↓

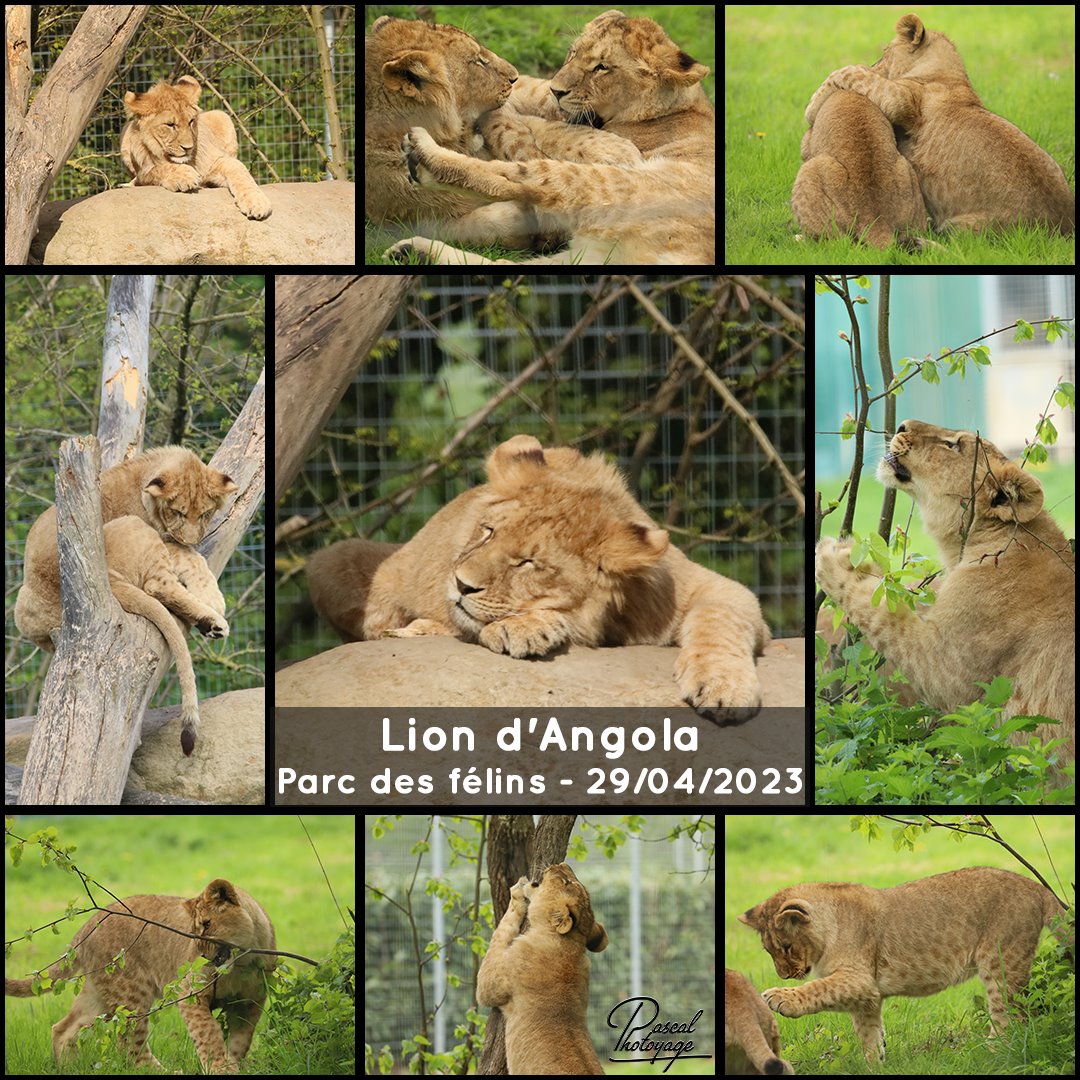 64779262_parc_des_felins_-_lion_d_angola_01_-_layout_70_1080x1080.jpg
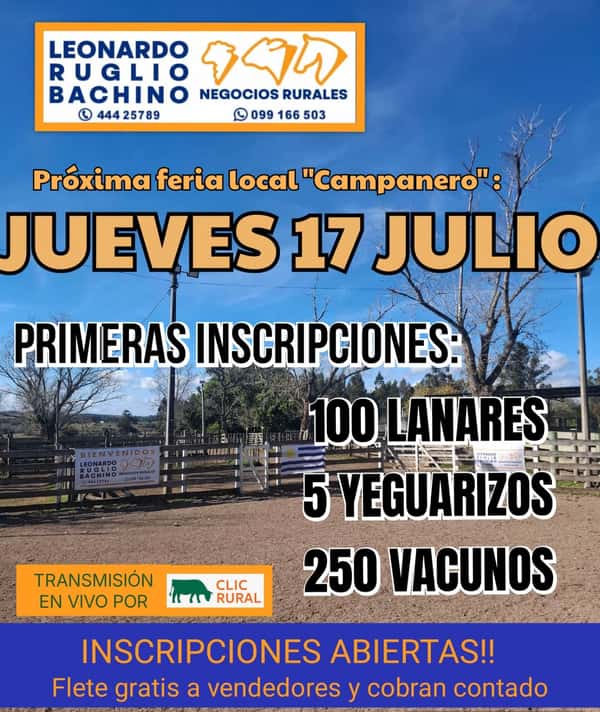 Feria Mensual - Leonardo Ruglio Bachino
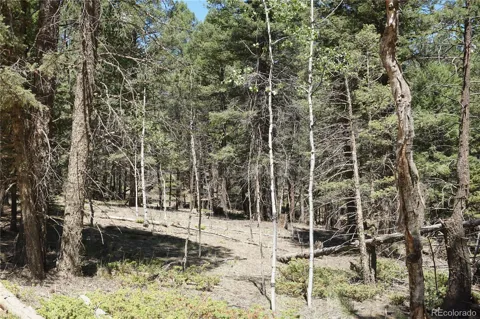 616 Indian Creek Road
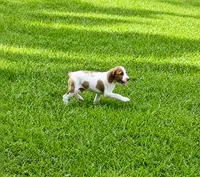 Luke, a male Brittany for sale in Lumberton, NC – 4 of 6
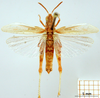 CollectionObject 1502321; 6be44017-fd8d-48ff-99c9-fef5366f243f, DORSA SAnotsahS03: male, dorsal view (syntype). (CollectionObject).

↑

Only the lines from the one that holds "616 Indian Creek Road" through the end of the records above should be printed again, exactly as they are. Leave out the pictures.

 616 Indian Creek Road
 Luke, a male Brittany for sale in Lumberton, NC – 4 of 6
 CollectionObject 1502321; 6be44017-fd8d-48ff-99c9-fef5366f243f, DORSA SAnotsahS03: male, dorsal view (syntype). (CollectionObject).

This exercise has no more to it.